Data Structures for a VHDL Compiler Documentation

pool: Pooled memory allocation class

Overview

Many programs, especially compilers and 3D graphics programs, allocate large complex data structures. For example, a compiler will allocate lists of abstract syntax trees that represent the statements in a program. These trees will be decorated with symbol and type information.

When processing is complete, dynamically allocated data structures must be deallocated. Calling the C++ delete function for every object can be very time consuming. The pool allocator allows memory to be rapidly deallocated. Memory is allocated in large pools which require only a few calls to return to the operating system.

Memory Pool Algorithm

Each pool object allocates a unique memory pool from a list of memory pools (see the global variable memory_pools, which is an instance of the mem_pool template). The pool is allocated in the class constructor and deallocated in the destructor. Since the constructor and destructor allocate and deallocate pools, the copy constructor is not allowed. An attempt to use the copy constructor will result in a compile time error, since the copy constructor is private.

The skeleton of the pool class is shown below. The pr member function prints information about the memory allocation pool.

class pool {
private:
// The copy constructor for this class should never be called,
// so declare private
    pool( const pool &p) {}
public:
    pool(void);
    ~pool(void);
    void *GetMem( unsigned int num_bytes );
    void pr( FILE *fp = stdout );
};

Overloading New in C++

Pooled Memory Allocation

Most large C++ programs make use of dynamically allocated memory. This is especially true of EDA applications (simulators and tools for VLSI chip design), where the designer can never safely set an upper limit on application size. In many cases large amounts of dynamically allocated memory is consumed by interconnected objects which are not themselves very large. The time consumed allocating objects can be minimized, but is unavoidable. A significant amount of processing time can also be consumed traversing the dynamic data structures and returning them to the system using the default C++ delete function. Time consuming memory recovery can be avoided by using a pool based memory allocator.
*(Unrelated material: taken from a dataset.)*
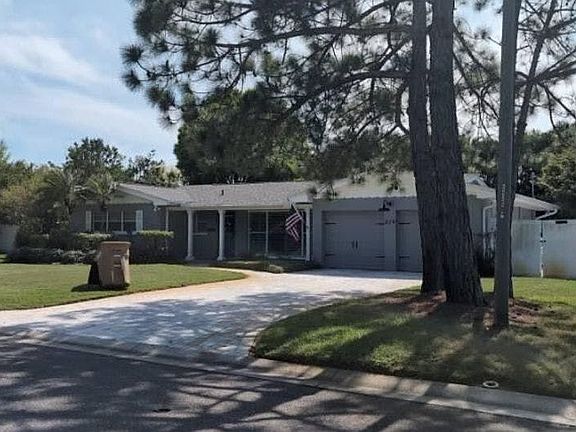 2nd image of 619 Pineland Ave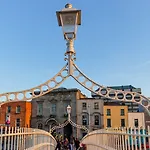 Leonardo Parnell Street Dublin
A pool based memory allocator allocates large blocks of memory and then allocates smaller objects from these blocks. When it is time to recover memory, the entire pool is deallocated at once. This usually involves returning only a few large memory blocks to the system. This greatly reduces the time consumed by memory recovery.

Object Allocation and Initialization

If a C++ object is allocated from a memory pool, its constructor will not be called by default. This can sometimes be handled by initializing the object with an explicit call to the constructor. For example:

  my_class *pMyClass;

  pMyClass = (my_class *)pool::GetMem( sizeof( my_class ) );
  *pMyClass = my_class();  // invoke the constructor

This approach has several problems. The constructor invokation above creates a temporary instance of the class my_class. This class is then copied into the memory pointed to by pMyClass. After the class is copied, the destructor for my_class will be called. If memory allocation takes place in the constructor and deallocation takes place in the destructor, there can be a problem. For example, if the class pointed to by pMyClass is initialized with a pointer the memory allocated by the my_class constructor, this same memory will be deallocated by the destructor. When the assignment completes, the class pointed to by pMyClass will point to deallocated memory, which is not what the programmer intended.

The problem above can be handled by adding init and dealloc class functions which can be called explicitly to allocate memory. For example, the init function can be called after the class constructor copy.

Unfortunately, the scheme outlined above is totally inadequate if the class have virtual functions. The class constructor will not initialize the virtual function table with the appropriate function addresses.

Overloading New

Since at least 1993 C++ has defined a way to overload the new operator. This provides a simple and natural way to allocate an object from a memory pool and initialize it properly. The overloaded new function allocates memory from the memory pool and the C++ compiler generates code to initialize the virtual function table and to invoke the class constructor.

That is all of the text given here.